[COLLECTED DATA — start]
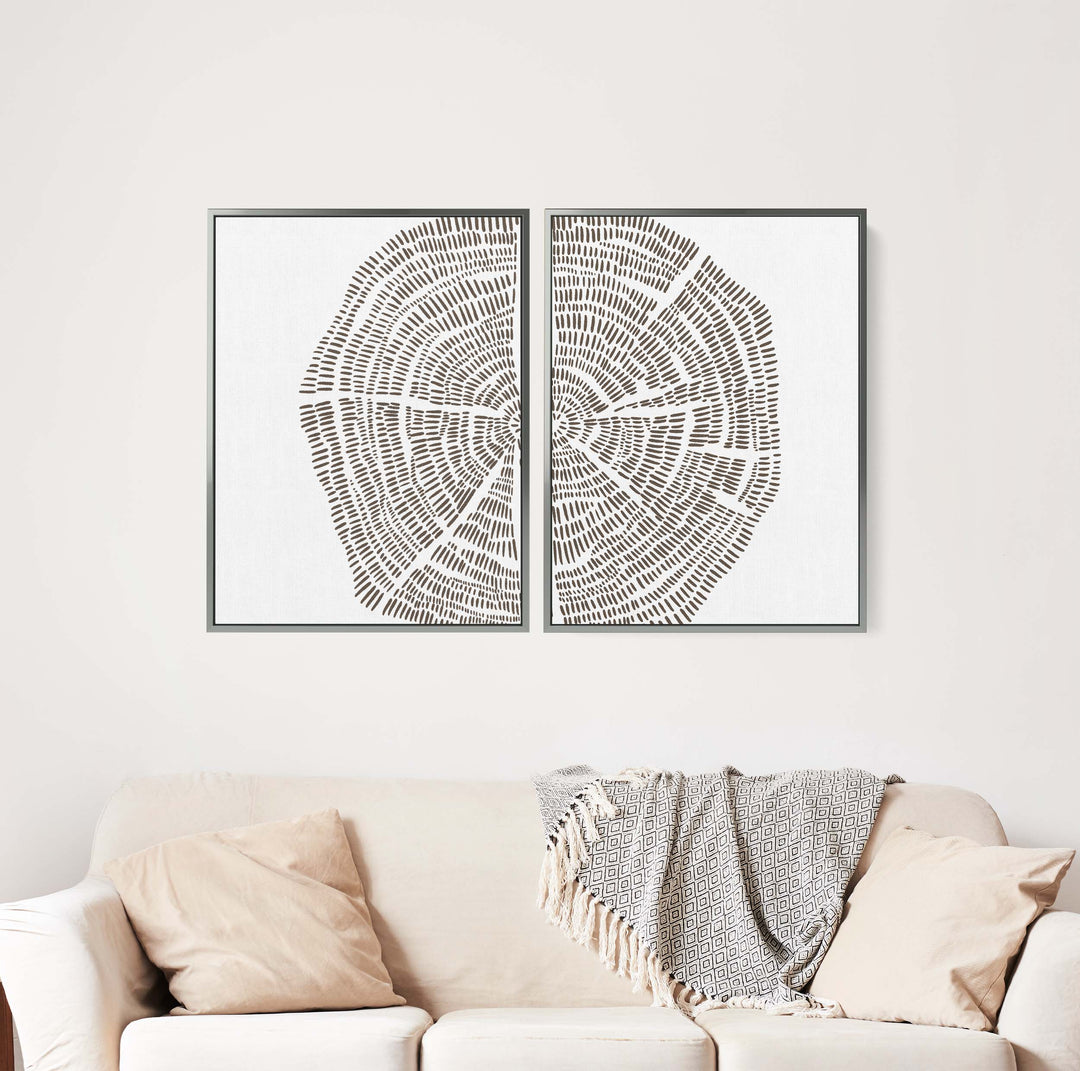 Tree Growth Rings Illustration - Set of 2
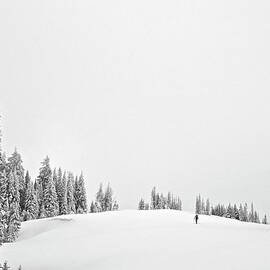 A Man Ski-tours Through A Field by Derek Diluzio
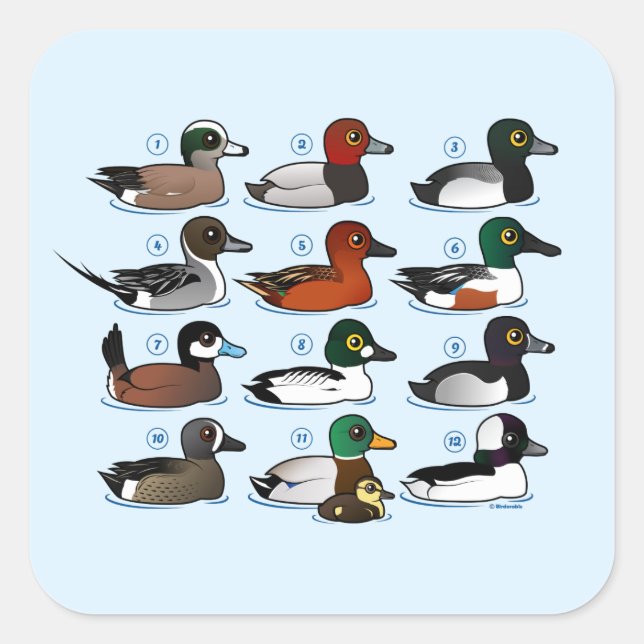 12 Enten Quadratischer Aufkleber (Vorderseite)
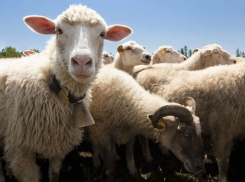 В Морозовске работник фермы украл четырех баранов и корову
[COLLECTED DATA — finish]
▸ HOW TO COMPLETE THIS TASK
Each line of the data should be printed again exactly. Please leave pictures out.

▸ TASK RESPONSE
 Tree Growth Rings Illustration - Set of 2
 A Man Ski-tours Through A Field by Derek Diluzio
 12 Enten Quadratischer Aufkleber (Vorderseite)
 В Морозовске работник фермы украл четырех баранов и корову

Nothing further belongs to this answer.